Она поднимается и сейчас стоит перед генералом, похожая на хищную птицу, на растревоженного, нахохлившегося старого грифа.

— Значит, все это так... мишура, декорация? — и она показывает лорнетом на генеральские погоны. — Значит, в России все не встало на свое место? Значит, зря болтал мой кузен?

— Нет, именно все встало на свое место — настоящее, справедливое, разумное место. Встало раз и навсегда. Понятно?

— В таком случае я не нуждаюсь в вашем разрешении! Нет, не нуждаюсь! — уже не сдерживая себя, почти кричит Гагарина, и голос ее хрипло дребезжит. — Зачем мне ехать в Россию, если у меня отнимают мое гнездо? Скитаться по углам? Снова быть приживалкой? Увольте, генерал. Уж лучше я останусь здесь, в Вене. По крайности, тут мои друзья. Нет, увольте. [216]

— А я и не уговариваю.

— Прощайте. Не обессудьте за беспокойства. Теперь я вижу, с кем имею дело. Вы действительно батрак.

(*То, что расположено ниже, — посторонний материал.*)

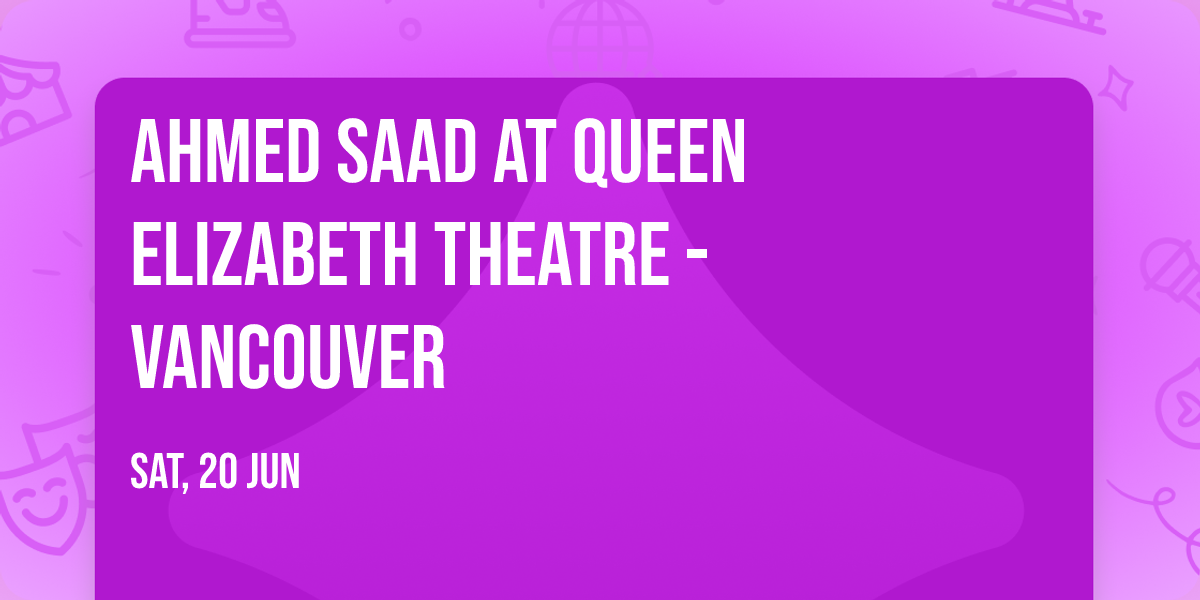 Ahmed Saad at Queen Elizabeth Theatre - Vancouver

Еле кивнув головой, она мелкими шажками уходит из кабинета.

— Ну, бачив, Авдеев, эту цацу? — и генерал показывает глазами на дверь. — Якие же они нищие, эти титулованные! У них родина — только «мое именье», «мой дом», «мой сад». А у нас с тобой — все! — и генерал широко раскидывает руки. — Каждая верба, каждый овражек, речушка, каждая хата — вся наша земля от края до края... Якие они нищие, эти Гагарины. И мертвые.